Chapter Eleven:

Voices woke Mirabel up, two of them, arguing, which, considering who the voices belonged to, wasn't surprising, Abuela and her mama argued a lot.

"We aren't waking Mirabel up just to measure her for that form, Mama," Julieta was insisting, "It can wait until morning."

"I want to get a head start to the city first thing in the morning, and the only reason I'm going is to send in that wheelchair order."

"Actually Mama, I want to go with you as well," Julieta confessed, "I lost a lot of pots and pans and cooking utentials. I would like to replace them, and you know that we don't like the idea of you traveling alone, what if something happens?"

"Nothing happened last time."

"It only takes once."

"True, but it's a long walk, and we haven't filled out the form yet because you won't let me near Mirabel."

"You gave her a panic attack, Mama, she was so sure that you were going to punish her for distracting me and causing a scene, that she had a panic attack. I'm sorry if my first instinct is to remove the trigger from my daughter."

"Which in this case was me?"

"Yes, and if you wake her up, just so you can measure her for her wheelchair, she's going to have another attack."

It was at this point that Mirabel moved her head, letting out a loud groan, and looked at them, "You're loud," she grumbled.

Julieta face burned as she looked at her youngest, "I'm sorry we woke you, Abuela here wants to measure you for a wheelchair."

"A wheelchair?" Mirabel repeated, blinking in confusion.

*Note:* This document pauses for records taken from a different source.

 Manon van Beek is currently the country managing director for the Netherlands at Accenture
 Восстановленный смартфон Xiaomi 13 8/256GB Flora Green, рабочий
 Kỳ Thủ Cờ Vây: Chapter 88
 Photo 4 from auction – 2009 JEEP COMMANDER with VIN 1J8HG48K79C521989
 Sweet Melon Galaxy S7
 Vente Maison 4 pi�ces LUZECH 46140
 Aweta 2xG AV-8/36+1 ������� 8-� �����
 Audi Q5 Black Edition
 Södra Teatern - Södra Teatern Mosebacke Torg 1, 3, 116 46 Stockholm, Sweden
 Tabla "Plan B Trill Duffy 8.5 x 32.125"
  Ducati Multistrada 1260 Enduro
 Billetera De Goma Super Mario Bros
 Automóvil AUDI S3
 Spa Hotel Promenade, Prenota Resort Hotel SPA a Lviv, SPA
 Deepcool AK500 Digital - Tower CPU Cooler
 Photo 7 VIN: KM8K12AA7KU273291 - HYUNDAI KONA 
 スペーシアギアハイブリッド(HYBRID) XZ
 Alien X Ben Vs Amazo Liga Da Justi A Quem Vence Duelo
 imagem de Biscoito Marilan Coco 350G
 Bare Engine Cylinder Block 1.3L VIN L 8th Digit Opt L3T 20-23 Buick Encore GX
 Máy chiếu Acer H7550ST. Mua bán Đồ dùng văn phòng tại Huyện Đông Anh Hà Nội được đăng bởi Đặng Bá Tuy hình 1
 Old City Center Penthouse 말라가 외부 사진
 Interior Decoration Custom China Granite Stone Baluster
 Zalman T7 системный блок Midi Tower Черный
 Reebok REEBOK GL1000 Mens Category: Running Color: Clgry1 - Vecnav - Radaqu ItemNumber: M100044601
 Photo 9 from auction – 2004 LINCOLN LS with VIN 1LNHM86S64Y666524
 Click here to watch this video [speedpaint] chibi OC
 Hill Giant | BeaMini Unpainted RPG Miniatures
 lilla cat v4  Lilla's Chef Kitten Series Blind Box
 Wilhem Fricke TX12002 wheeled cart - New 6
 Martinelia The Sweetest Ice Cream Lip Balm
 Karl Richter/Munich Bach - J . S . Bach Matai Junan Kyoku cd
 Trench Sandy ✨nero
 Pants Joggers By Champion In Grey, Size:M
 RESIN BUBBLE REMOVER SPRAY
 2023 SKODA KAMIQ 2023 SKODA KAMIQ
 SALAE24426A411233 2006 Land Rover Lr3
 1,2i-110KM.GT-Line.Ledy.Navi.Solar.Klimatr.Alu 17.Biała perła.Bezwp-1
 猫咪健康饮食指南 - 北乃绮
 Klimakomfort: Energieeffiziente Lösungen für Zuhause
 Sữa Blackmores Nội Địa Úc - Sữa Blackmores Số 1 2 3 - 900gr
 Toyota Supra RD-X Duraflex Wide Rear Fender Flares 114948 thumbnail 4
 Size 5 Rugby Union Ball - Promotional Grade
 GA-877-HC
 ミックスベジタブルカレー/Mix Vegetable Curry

"It will help you get around town and the house, once it's built again," Abuela explained, "When I went into town, the man at the medical supply store told me that, for a case like yours a more custom wheelchair, built to your measurements, would be more comfortable in the long run. Plus you get to pick the color, I know how much you like colorful things."

"You do?" Mirabel asked, "You told me that my skirt looked ridiculous," Mirabel paused, "What happened to my skirt and blouse that I was wearing?"

Julieta let out a sigh, "I had to cut them off you to check you for injuries, and they were so blood stained and torn up, that there really wasn't anything we could do to salvage it. I know that it was your favorite outfit, but we can make a new one."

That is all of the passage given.